Weird little things that make it feel as if we’re traveling back in time

Old style telephoneThis is not meant to be a whiny post (except when it comes to the bag bans, which still make me see red every time I go shopping).  It’s just meant to be an observation about declines in life quality over the course of my middle-aged life.

When I grew up, our phones had stable connections.  Now, thanks to the miracle of cell phones, my phone hangs up on me about as often as that fancy 1910 phone once hung up on my grandparents.

When I grew up, we kept our house at 72 degrees during the winter.  With the 1974 oil embargo, we lowered it to a chilly 68 degrees.  Nowadays, with utilities more expensive than ever, we keep our house at a frigid 62 degrees.  Of course, when I say “we,” I’m not including Obama.  Thanks to taxpayers, he’s always at a toasty 75 during the winter.

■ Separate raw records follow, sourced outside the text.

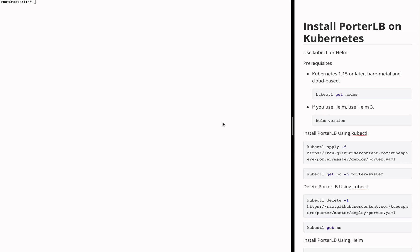In this video, I am going to introduce how to install PortLB on Kubernetes. You can use either kubectl or helm to install PortLB.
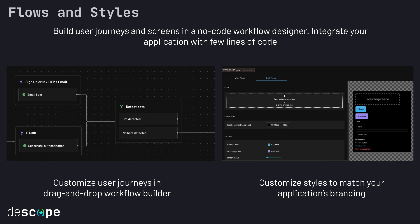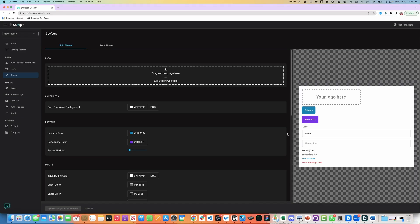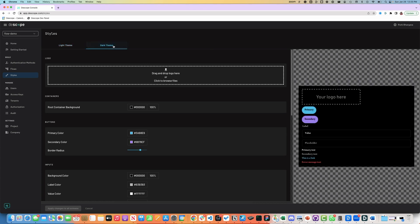Descope allows developers to build screens and entire user journeys in a no-code workflow designer. You can customize and match the styles and branding with your application of both light theme and dark theme.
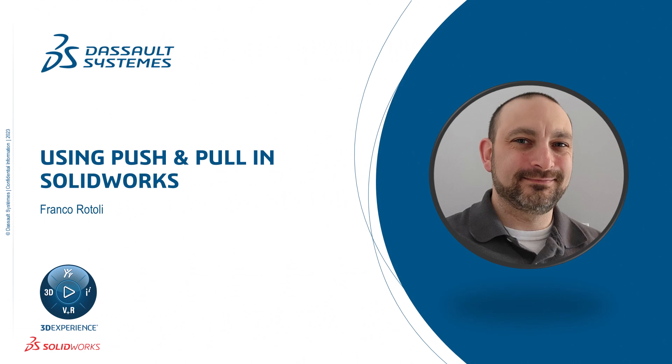Hi, my name is Franco Ruttoli, and I am a learning experience expert on the SOLIDWORKS training team. Today, we're going to look at some helpful tools to speed up our rough concepts and get them to a final design.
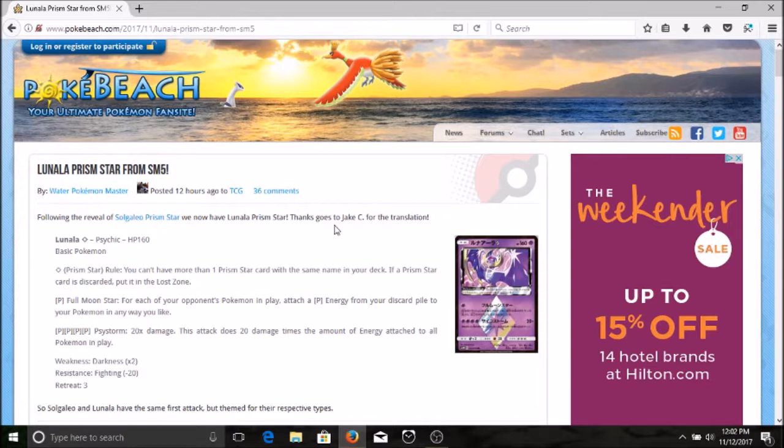You can only play one Prism Star card of the same name, so no four copies like normal cards. For one psychic energy we have Full Moon Star: for each of your opponent's Pokemon in play, attach a psychic energy from your discard pile to your Pokemon in any way you like. Then we have for four psychic energy, Psy Storm: 20 damage times amount of energy attached to all Pokemon in play. Holy toledo guys, that reminds me of the Psy Storm attack that Delphox has from Fates Collide, except instead of four energy it's three colorless energy.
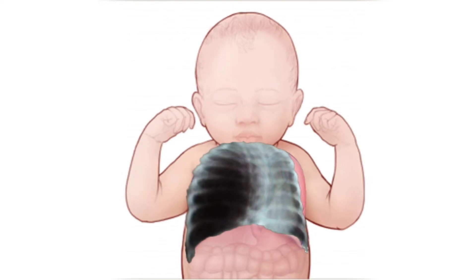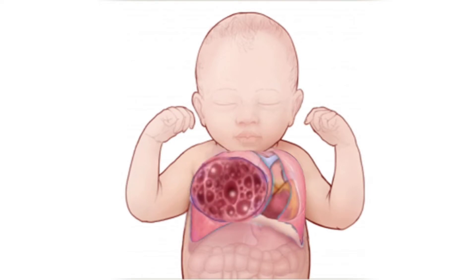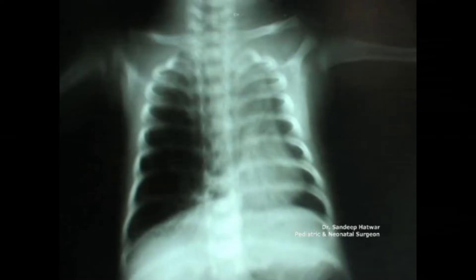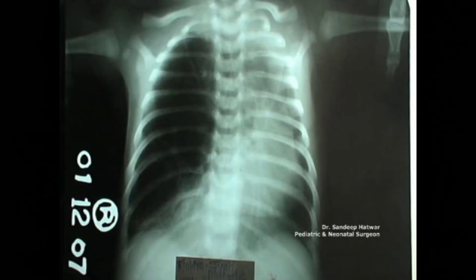If you do an X-ray, it will appear like this, and it is very commonly misidentified as a pneumothorax. An attempt to place an intercostal drain to drain the pneumothorax might cause a stab injury to the lung, which may prove detrimental. It is very important that we must not put a drain.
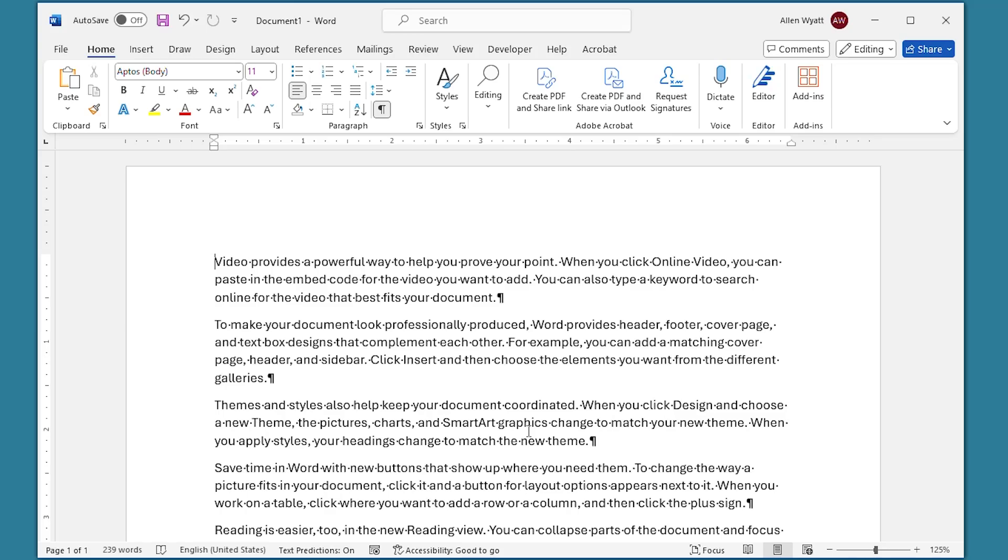One of the things that Word keeps track of regarding your document is the number of characters it contains. In this quick tip, I show you how easy it is to insert this number anywhere in your document that you'd like.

When I grew up — and, indeed until last year — when I went to a grocery store, the clerk would ring up my groceries and put them in a useful bag emblazoned with the store’s motto.  I’d take the bag home and use it again.  If it was paper, I used it for book covers, storing annual tax-relevant documents, wrapping packages destined for UPS, and holding recycling; if it was plastic, I used it for bathroom garbage bags, packing school lunches, cushioning a box’s contents for UPS, etc.  Nowadays, when I walk into a store, I’m festooned with various re-usable bags (E coli or salmonella sacs is how I think of them), making me look exactly like one of the bag ladies wandering San Francisco’s downtown area.

When I grew up, young men and young women socialized together.  They liked each other, but respected each other’s differences.  Today, we’re back to some weird variation of those 19th century rules that assumed every man was a rapist.  Back then, societies developed pragmatic strategies to keep a man and a woman from finding themselves alone before marriage.  Today, we simply lynch the men.

When I grew up, in the late 1960s and early 1970s, life was desegregated.  I got bused from one white middle class school to another formerly white middle class school that was made diverse by throwing in kids from all over the City.  By high school, race simply wasn’t an issue anymore.  Since I went to Lowell, we were all honorary Asians.  Today, the country is more racially divided than its been since the 1950s.  Black students self-segregate like crazy and black leaders assure the black community that all non-blacks are demonic people.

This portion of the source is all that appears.